Malların ve üretim faktörlerinin piyasa fiyatlarının piyasa mekanizması çerçevesinde sürekli olarak arzın talebe eşit olduğu yani arz ve talep fazlalarının sıfıra eşit olduğu noktada belirlendiği, o halde alıcı ve satıcı kesimin (tüketici-üretici) piyasa fiyatlarını etkileme gücüne sahip olmadığı tam rekabet piyasasının geçerli olması bireylerin ve firmaların değil, toplumun çıkarlarını da azamiye eriştireceğinden dolayı iktisadi eşitlik (kişisel gelir dağılımında adalet) sağlanır.

Sermaye birikiminin ve özel mülkiyetin bulunduğu bir toplumda değer; emek, toprak ve sermaye (sermaye ve müteşebbis) tarafından (klasik emek – değer teorisi) topluca üretilmektedir. O halde değerin (üretilen hasıla), onu üretenler arasındaki dağılımı da ücret, rant ve sermaye (faiz ve kâr) şeklinde taksim (fonksiyonel gelir dağılımı) edilecektir.

Bu sebeple toplum sınıflara ayrılmakta, bir tarafta ücretle geçinen işçi sınıfı, diğer tarafta rant ile geçinen toprak sahipleri, bir başka tarafta faiz ve kâr ile geçimini sağlayan sermaye sınıfı bulunmaktadır.

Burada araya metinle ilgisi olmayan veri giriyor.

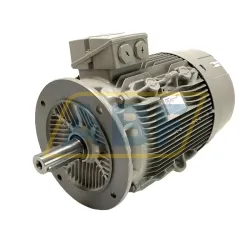 Электродвигатель 1LE1003-1EB23-4FA4 Siemens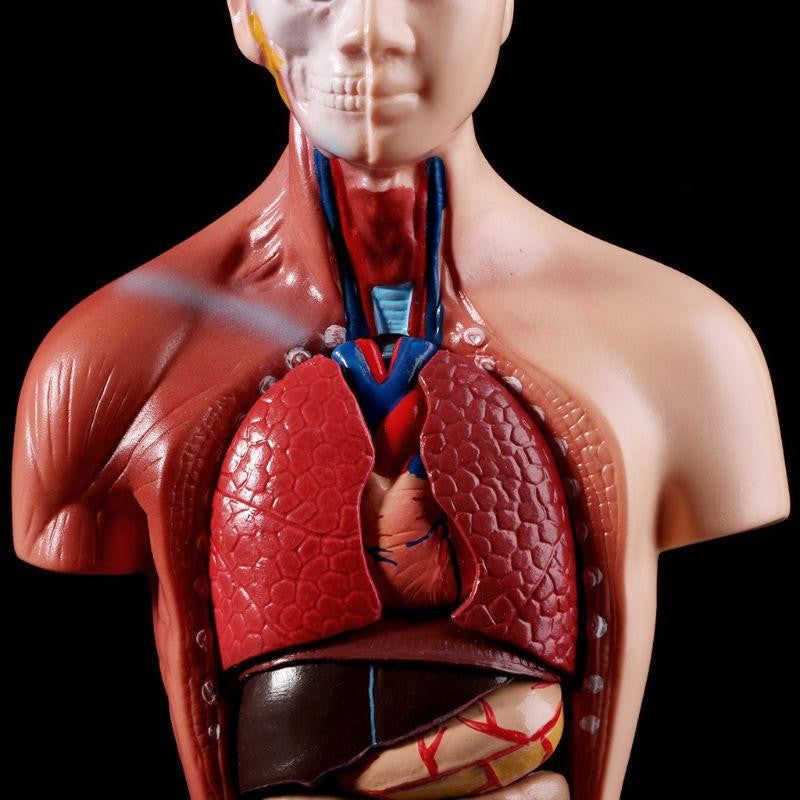 Human Torso Body Model Anatomy Medical Internal Organs For Teaching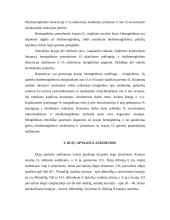 Audinių aprūpinimas deguonimi. Ypatumai jauniems ir pagyvenusiems 6 puslapis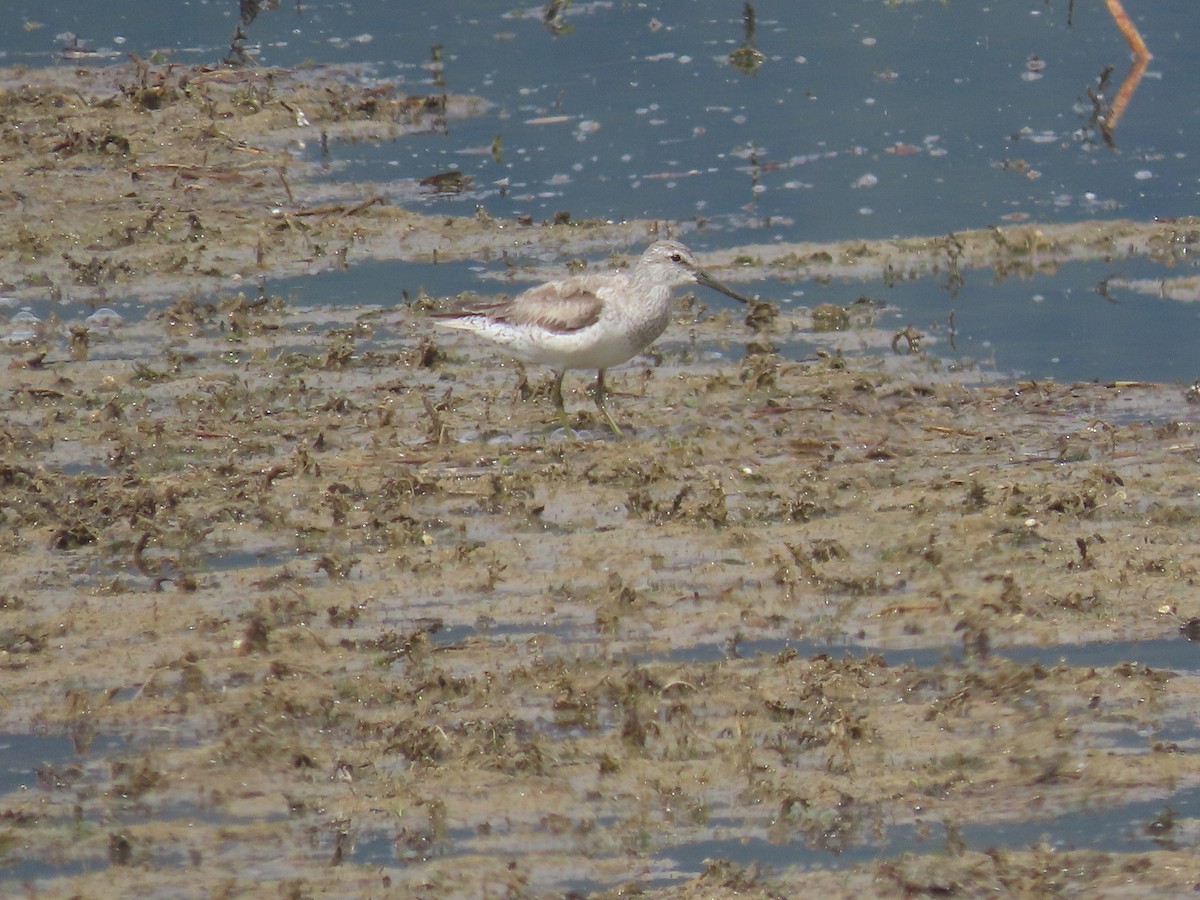 Шармаг элсэг - ML635886584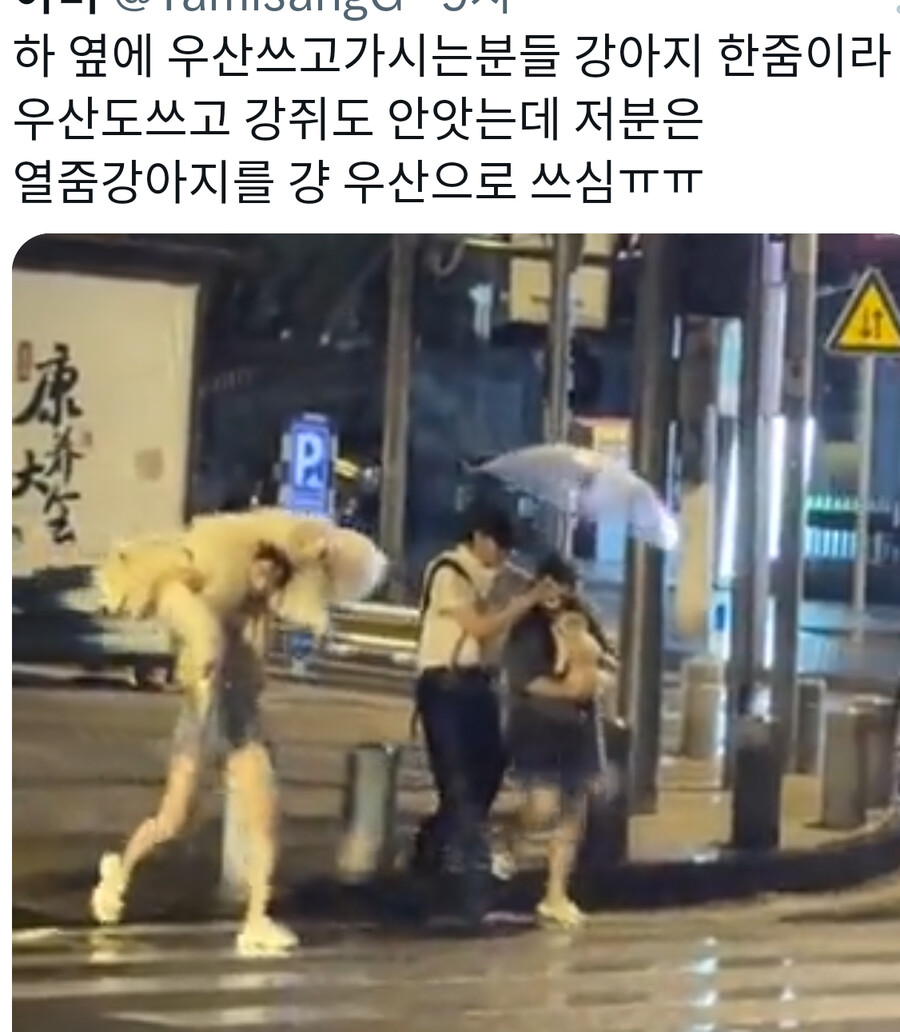 강아지 대우 차이_1.png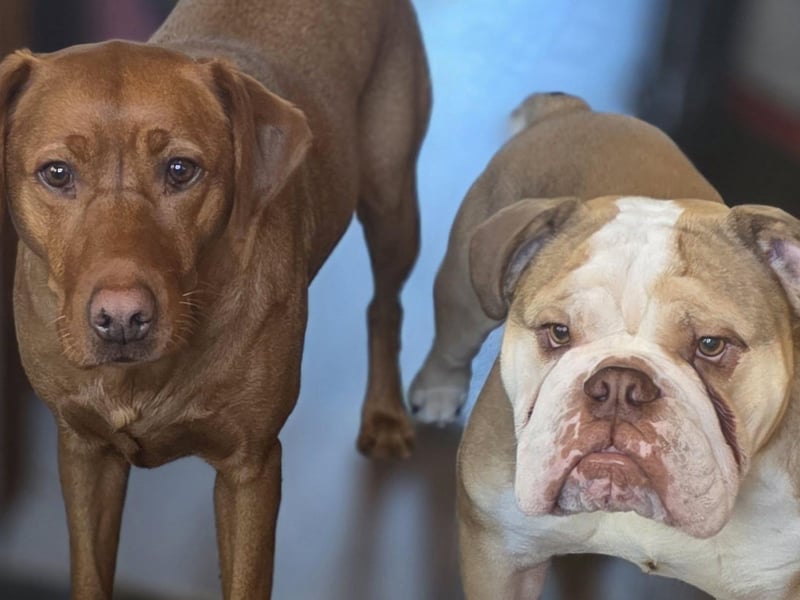 Meet four-year-old Mabel and one-year-old Buster.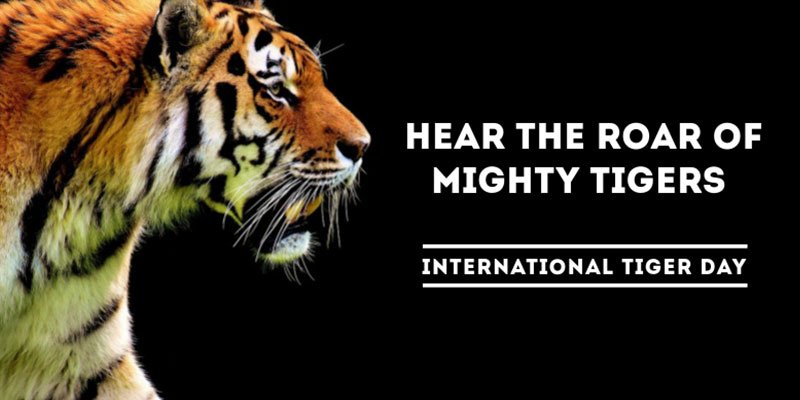 Read more about the article International Tiger Day
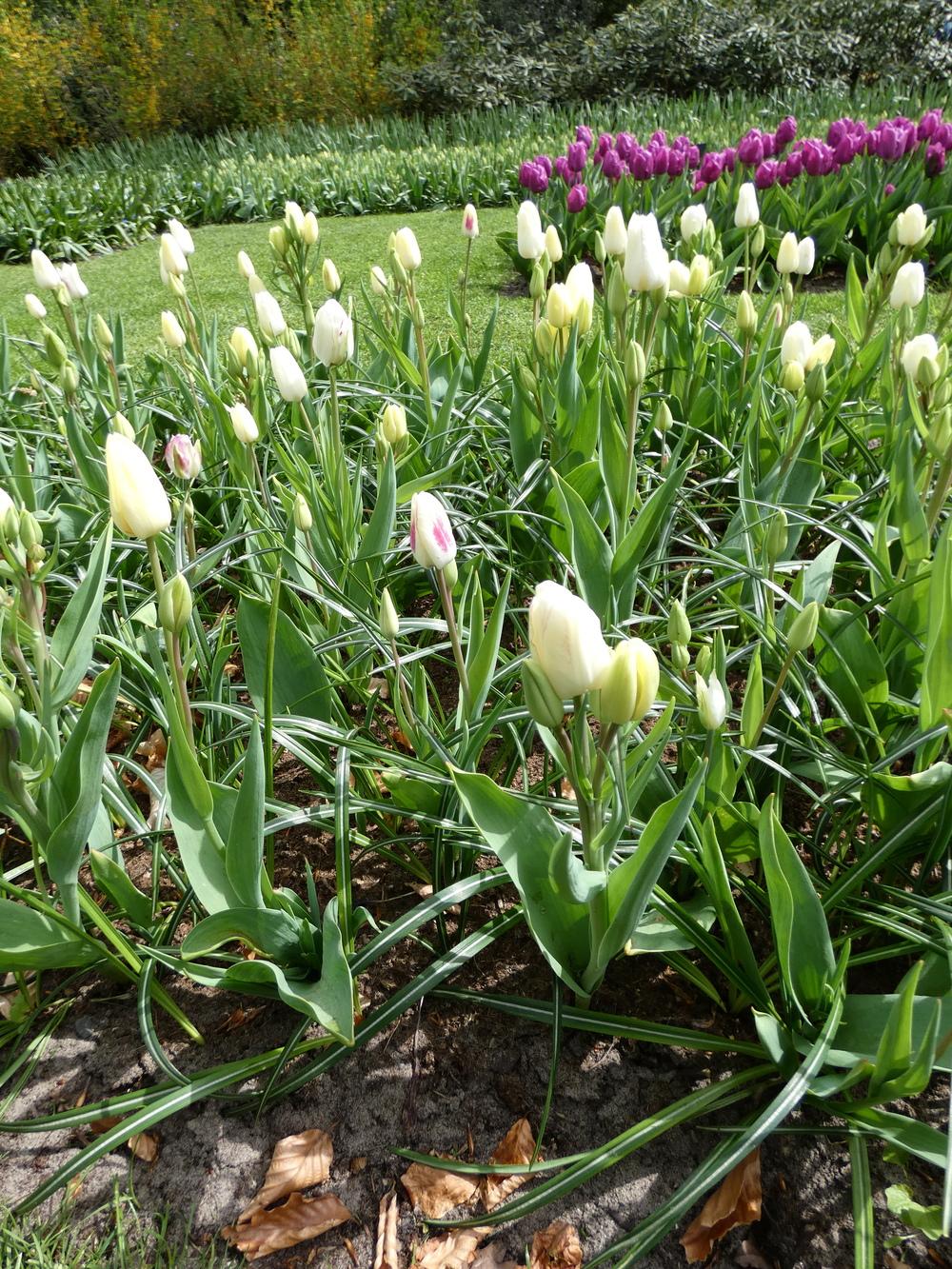 Photo of Single Late Tulip (Tulipa 'Candy Club') uploaded by mellielong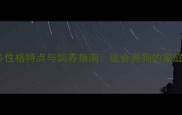 拉布拉多性格特点与饲养指南适合养狗的家庭必看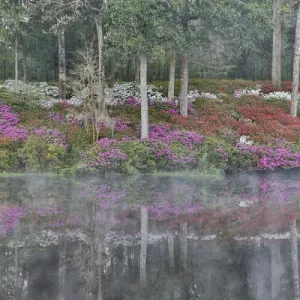 Azeleas in full bloom reflected in calm pond Middleton Place, Charleston South Carolina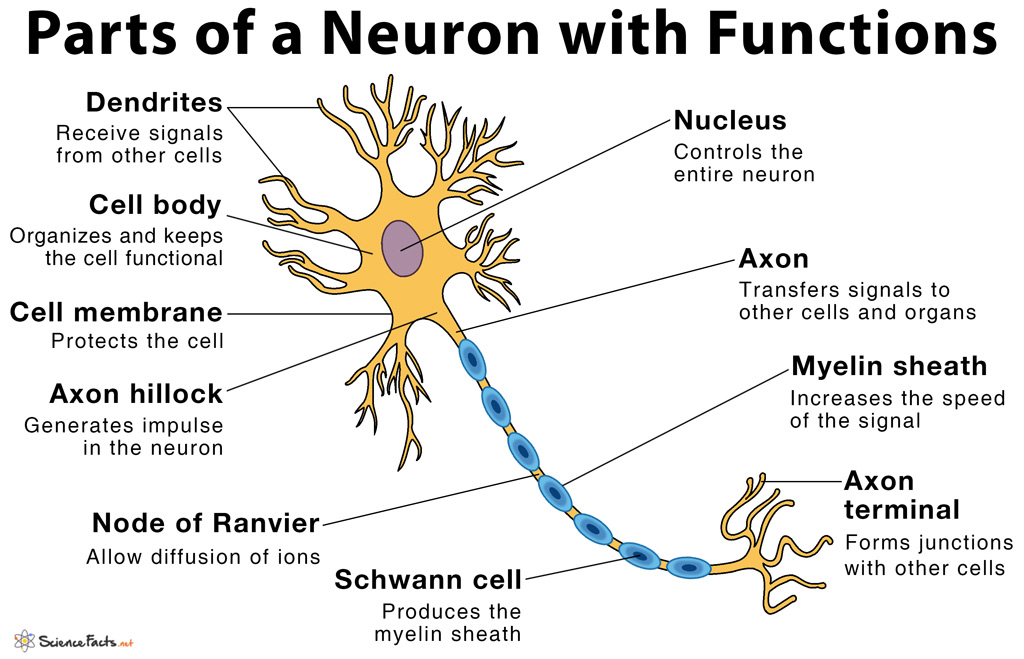 <p>Myelin Sheath </p>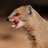 Mongoose_F3's profile image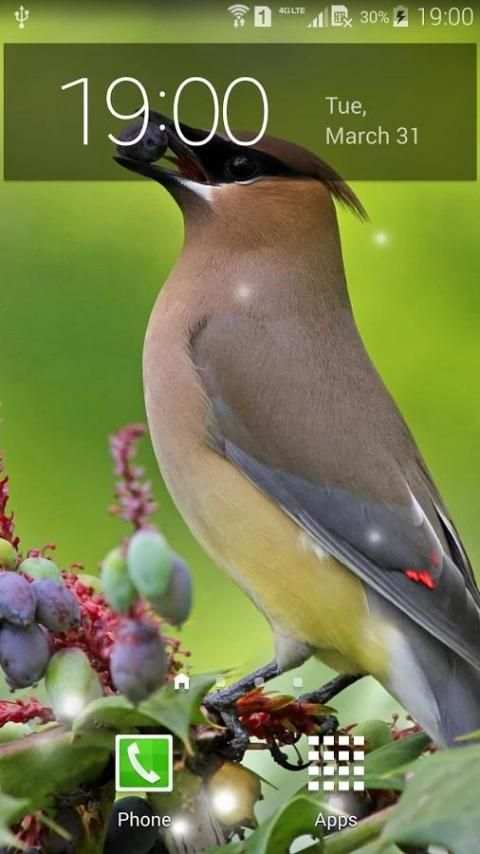 Spring Birds Live Wallpaper screenshot 5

 Sınıflı toplum yapısını beraberinde getiren klasik bölüşüm teorisi, emek, toprak ve sermaye sahiplerinin arasında çıkar uyumu (doğal öz çıkar yasası) bulunduğunu ortaya koyar. Buna göre kişisel çıkarına uygun hareket eden işçi sınıfının emeklerini arz etmek istemesinin sebebi ücret elde etmektir. Toprak sahiplerinin toprağını kiraya vermesinin nedeni rant geliri kazanmaktır. Sermaye sınıfının, mal üretimi gerçekleştirmesi kâr elde etme güdüsünden kaynaklanmaktadır.

Özetle bireyler, sahip olduğu kaynağın (üretim faktörü) miktarı ve fiyatına göre farklı düzeyde faktör geliri (ödeme gücü) elde etmektedir.

Buna göre daha fazla kaynağa (toprak, sermaye, emek) sahip olanlar ve / veya sahip oldukları kaynağın fiyatı görece daha yüksek olanlar daha yüksek faktör geliri elde ederler ki bu durum emek, toprak ve sermaye sahiplerinin arasında bir çıkar çatışmasını değil tersine çıkar uyumu (doğal öz çıkar yasası) bulunduğunu yansıtmaktadır. Kastım buydu, kapitalist düşüncenin gelir dağılımında eşitliğe bakışı da budur.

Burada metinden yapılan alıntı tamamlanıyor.